Diagnosis of idiopathic facial nerve paralysis is typically based on neurologic examination and exclusion of other potential causes. The minimum database for facial paralysis is a CBC, serum chemistry panel, and thyroid hormone level. A Schirmer tear test and otoscopy should be performed on all patients with facial nerve paralysis. Fluorescein staining should be performed if decreased tear production is identified on Schirmer tear test or there are any signs of corneal disease suggestive of corneal ulceration. Advanced imaging (eg, MRI, CT) is recommended to rule out structural disease, especially if there are clinical signs or neurologic examination findings suggestive of middle ear disease, multiple cranial nerve involvement, or brain stem dysfunction (Figure 2).24,25
Transverse T2-weighted (left) and post-contrast T1-weighted (right) images obtained from a cockapoo with sudden onset of right peripheral vestibular dysfunction and right-sided facial paralysis. MRI showed right (*) worse than left middle ear disease with extension into the calvarium (otogenic meningitis; arrow) and into the right horizontal ear canal. Neutrophilic pleocytosis was present in the CSF (no bacteria seen on direct examination; CSF culture negative). The patient was treated with oral clindamycin for 1 month to reduce the intracranial portion of infection, and then right total ear canal ablation and lateral bulla osteotomy was performed. The histologic diagnosis for the tissue in the tympanic bulla was cholesteatoma, and bacterial culture identified secondary Staphylococcus pseudintermedius infection. The antibiotic was changed to amoxicillin-clavulanate based on antibiotic sensitivity testing.
Treatment is largely supportive for idiopathic facial paralysis (eg, artificial tears to lubricate the cornea, nutritional support). Long-term (potentially life-long) treatment with artificial tears is recommended to keep the cornea lubricated even if tear production is normal. This reduces the risk for exposure keratitis and corneal ulceration secondary to inability to blink.
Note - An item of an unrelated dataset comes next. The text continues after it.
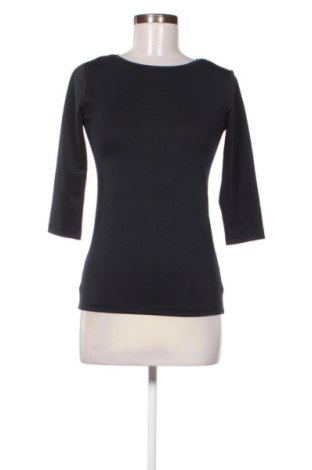 Dámská halenka Unbranded, Velikost S, Barva Černá, Cena  49,00 Kč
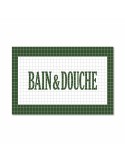 Tapis CAA-1170 – Orya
Corticosteroid use is controversial and has not been clearly proven to improve or hasten recovery in veterinary patients. Studies in human medicine have shown some efficacy in patients with Bell’s palsy, a clinically similar disorder, but it is still unclear if idiopathic facial paralysis has an inflammatory component in dogs and cats. Acupuncture has been reported as a treatment for idiopathic facial paralysis.26
In general, the underlying cause of facial nerve paralysis, if identified, should be specifically treated. Thyroid hormone supplementation is recommended for hypothyroid patients, but it may take weeks to months for neurologic signs to resolve with thyroid hormone supplementation. Owners should be counseled that facial paralysis may not resolve even after the patient becomes euthyroid.5 Long-term antibiotics (6-8 weeks), deep ear flush, or bulla osteotomy may be required in patients with otitis media.
The prognosis for full recovery is guarded-to-poor, regardless of underlying cause or success of treatment. Recovery may take weeks to months. Patients often experience partial recovery. If the patient has unilateral facial paralysis, the client should be counseled that the other side of the face may become affected within a matter of days to weeks.